■ The problem
In the data below, repeat the line containing "Now, brilliant nail" and every following line exactly, up to and including the last line. Exclude pictures.

■ Material provided
◆ ◆ ◆ ◆ ◆
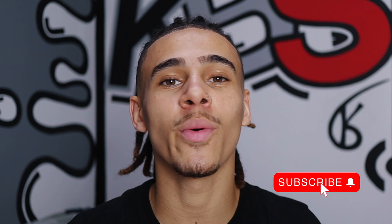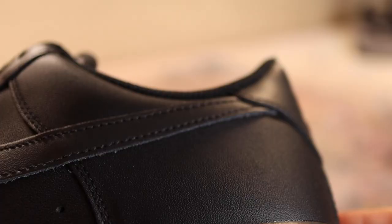Before we get started, if you could hit the subscribe button down below and give this video a thumbs up, that would be greatly appreciated so I can keep bringing y'all dope content. This is going to be a mix of a tutorial and a time-lapse, so sit back, relax, and let's get into it.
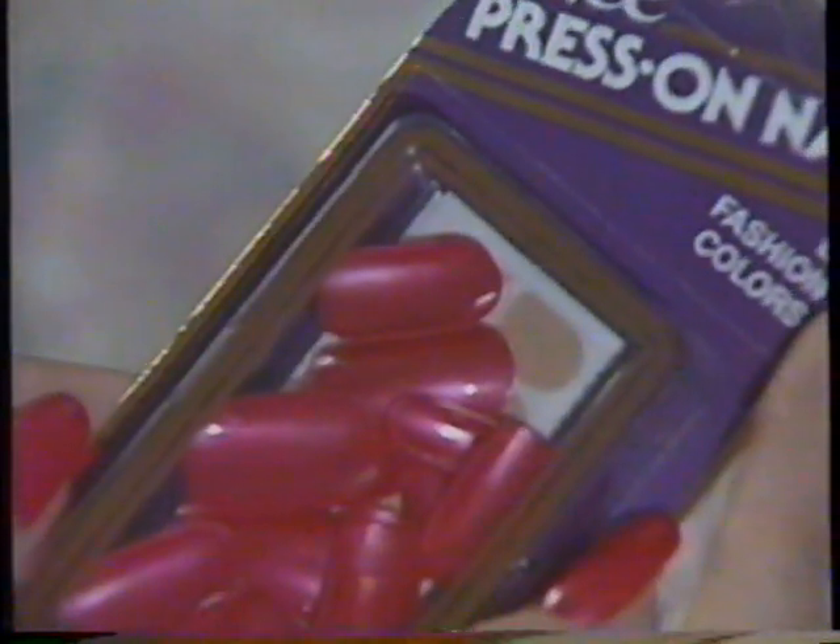Now, brilliant nail colors for today's new fashions. Lee Press-On Nails in 18 deep, rich, dimensional colors. Cotton Candy, Sample, Opal Mist, Mysterious.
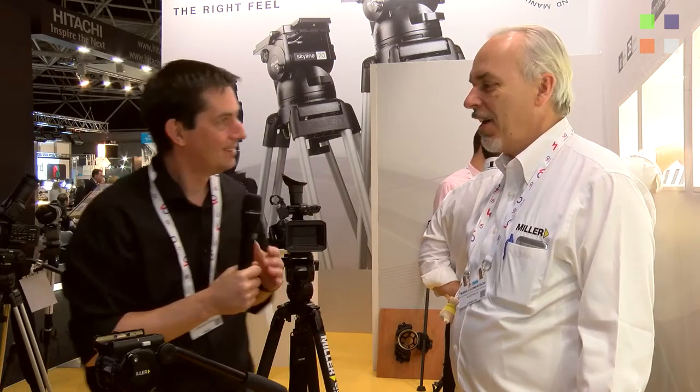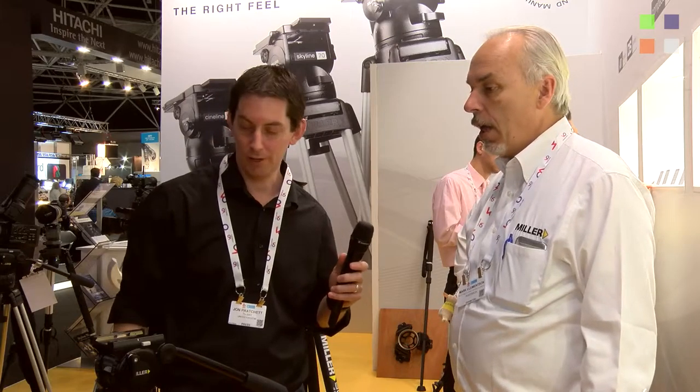I'm here at the Miller stand at IBC 2015. This is one of three videos we are doing here, so make sure you check out the other two — they should be linked on this page. I've got Mark Clemonson with me again. Hello Mark. We've looked at one larger system tripod and we're looking at this one. Tell us about this.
◆ ◆ ◆ ◆ ◆
■ Task output
Now, brilliant nail colors for today's new fashions. Lee Press-On Nails in 18 deep, rich, dimensional colors. Cotton Candy, Sample, Opal Mist, Mysterious.
I'm here at the Miller stand at IBC 2015. This is one of three videos we are doing here, so make sure you check out the other two — they should be linked on this page. I've got Mark Clemonson with me again. Hello Mark. We've looked at one larger system tripod and we're looking at this one. Tell us about this.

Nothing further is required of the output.